Tá, existe um motivo sim: o esquema de cores assimétrico de Gill foi um dispositivo para a Capcom exibir o poder gráfico da placa CPS3. Nos jogos 2D Street Fighter anteriores, detalhes como o tapa-olho de Sagat mudavam de lado dependendo da direção que o personagem estava enfrentando, então ele ser pintado assim servia pra mostrar que o hardware aguentava (e isso é um bom exemplo de algo que que teria que ser refeita em um port doméstico).

Ainda sim, estamos falando de 1997, o ocidente - e em especial os Estados Unidos - não eram tão abertos assim com uma abordagem mais Jojolicia de um homão de tanguinha. Vc sabe como era aquela era. Se fosse hoje, a única real reclamação seria o tema dele não ser esse: 


Mas novamente, em 1997 o pessoal não era tão de boas...


O resultado dessa schadenfreude é que a máquina original de SF3 vendeu aproximadamente 1000 unidades. Para você ter uma ideia de comparação, FINAL FIGHT vendeu aproximadamente 30 mil máquinas e STREET FIGHTER II: THE WORLD WARRIOR (apenas a primeira versão) vendeu aproximadamente 75 mil unidades. Adicione a isso que, como eu disse, a CPS3 era BEM cara...


... e temos a tempestade perfeita aqui. Temos um jogo que já não foi bem em um ambiente que já não ia tão bem assim, já que os arcades estava perdendo popularidade no ocidente. Porque sair de casa para jogar uma ficha por R$2,50 quando vc tinha os jogos muito perto disso no Playstation ou Saturn - não raramente com extras muito maneiros, como era o caso de TEKKEN 2.

Então, essa, meus caros é a história de como a continuação de um dos top 5 jogos mais famosos de todos os tempos... é um jogo que pouca gente ouviu falar e menos gente ainda se importa. Porém, precisa ser dito, esse é claro que não é o fim dessa história. 
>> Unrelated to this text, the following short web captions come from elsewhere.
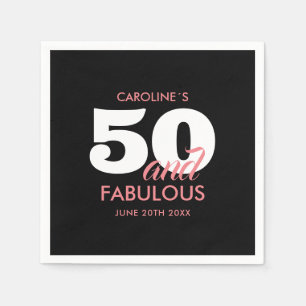 Servilleta De Papel Cumpleaños 50 50 y Fabuloso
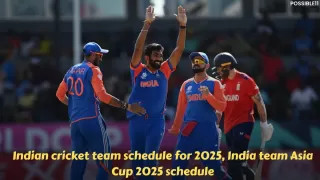 Indian cricket team schedule for 2025,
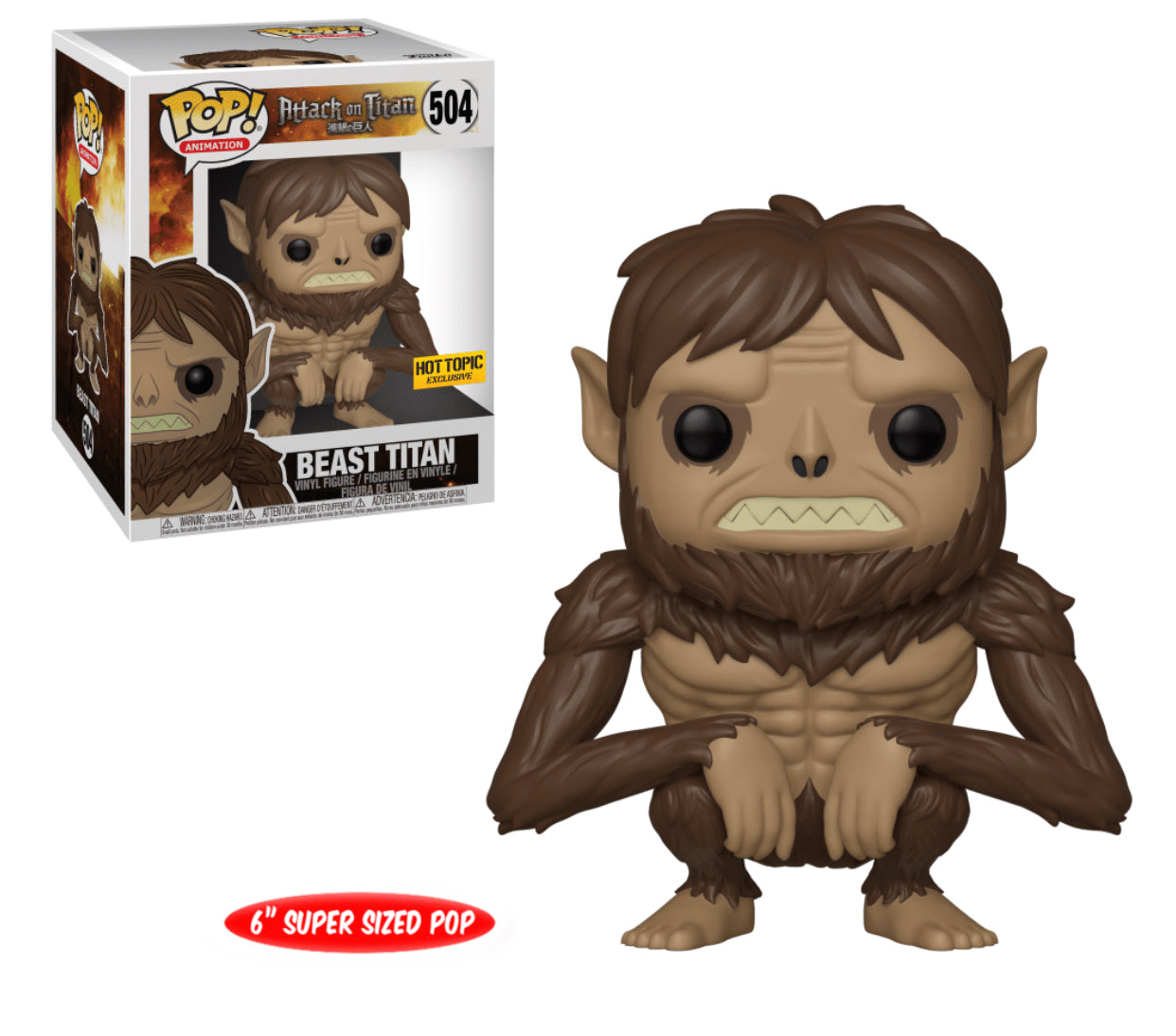 Funko Pop Beast Titan 6” AOT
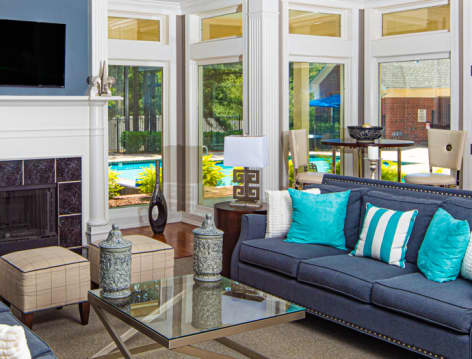 Clubhouse at MAA Crabtree Valley luxury apartment homes in Raleigh, NC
É apenas questão de meses desse ponto em diante da Capcom lançar uma nova versão (que era como se faziam patchs de update antigamente, vender o jogo inteiramente do zero, os bons e velhos tempos)... então essa definitivamente não será a última vez que vocês me ouviram falar de Street Fighter 3.

MATÉRIA NA AÇÃO GAMES
Edição 114 (Abril de 1997)


Edição 115 (Maio de 1997)


MATÉRIA NA SUPER GAME POWER
Edição 035 (Fevereiro de 1997)


Edição 037 (Abril de 1997)


MATÉRIA NA GAMERS
Edição 014 (Janeiro de 1997)




Edição 015 (Fevereiro de 1997)




Edição 019 (Junho de 1997)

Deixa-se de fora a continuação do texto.